Dans Elles vivent, Antoine Defoort, gentiment moqueur et très sérieusement drôle, a mis le public du Zef en joie, et en écho inattendu avec sa colère

13 avril. C’était un soir de grève au Zef, la buvette solidaire reversait ses recettes à la caisse de grève et les conversations tournaient autour de la manif de l’après-midi, et de la décision du Conseil constitutionnel du lendemain. De ce qui s’écroule et de ce qui tient. L’entrée en salle, plus silencieuse que d’habitude, avait le goût des jours graves. Pourtant le public, jeune, venu d’horizons et de quartiers divers, est immédiatement secoué d’éclats inopinés de rire. Celui de la surprise, de l’absurde. Sofia Teillet, avec précaution et sourires forcés (mais pas trop), se propose, en bonne « médiatrice de la fiction », d’avoir de la considération pour elle. Oui oui, de la considération pour la fiction. Car l’idée centrale (ou périphérique ou finale) d’Elles Vivent, c’est que les idées sont vivantes, et qu’avec les bonnes lunettes, elles sont visibles, audibles, parlantes. 

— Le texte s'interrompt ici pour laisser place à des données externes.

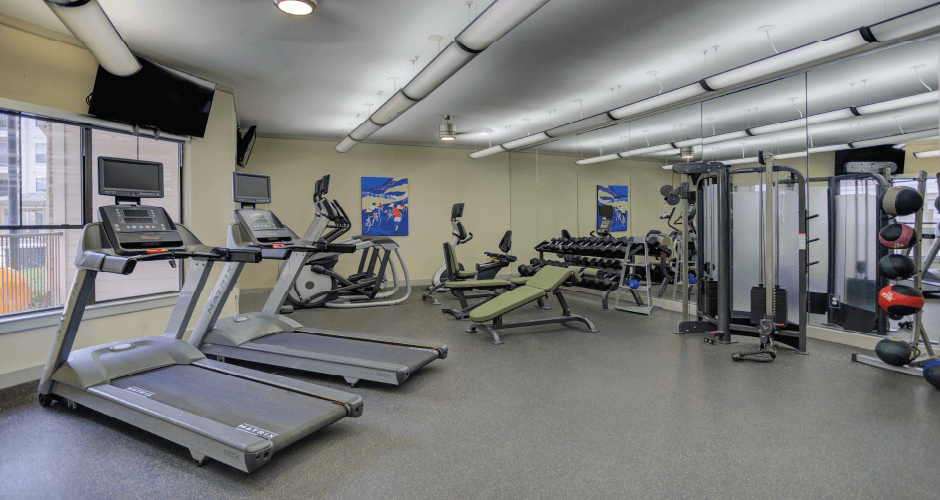 Luxury apartments with two large fitness centers and spin room at The Voss Apartments in Houston.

Pour parvenir à ce constat, une série hilarante d’inventions fantaisistes, qui permettent d’hiberner deux ans dans un pré tout près des vaches, de projeter ses images mémorielles en 3D, de changer ses souvenirs, de sauter dans le temps… se combine à une série de références décalées, des Pokémons à un nanar de John Carpenter. Il est question de magie mais tout se fait à vue, les changements d’accessoires, de personnages, les mannequins grossiers qui les remplacent, les « idées » qui traversent la scène et les airs portés par des mécanismes visibles.

En même temps

L’intrigue est tout autant en toc. Un parti politique qui ne veut parler que contextes et modalités, qui se présente à la présidentielle, puis qui se reconvertit dans la magie, et qui finit par dire qu’une chose et son contraire existent « en même temps », ce n’est pas très sérieux. 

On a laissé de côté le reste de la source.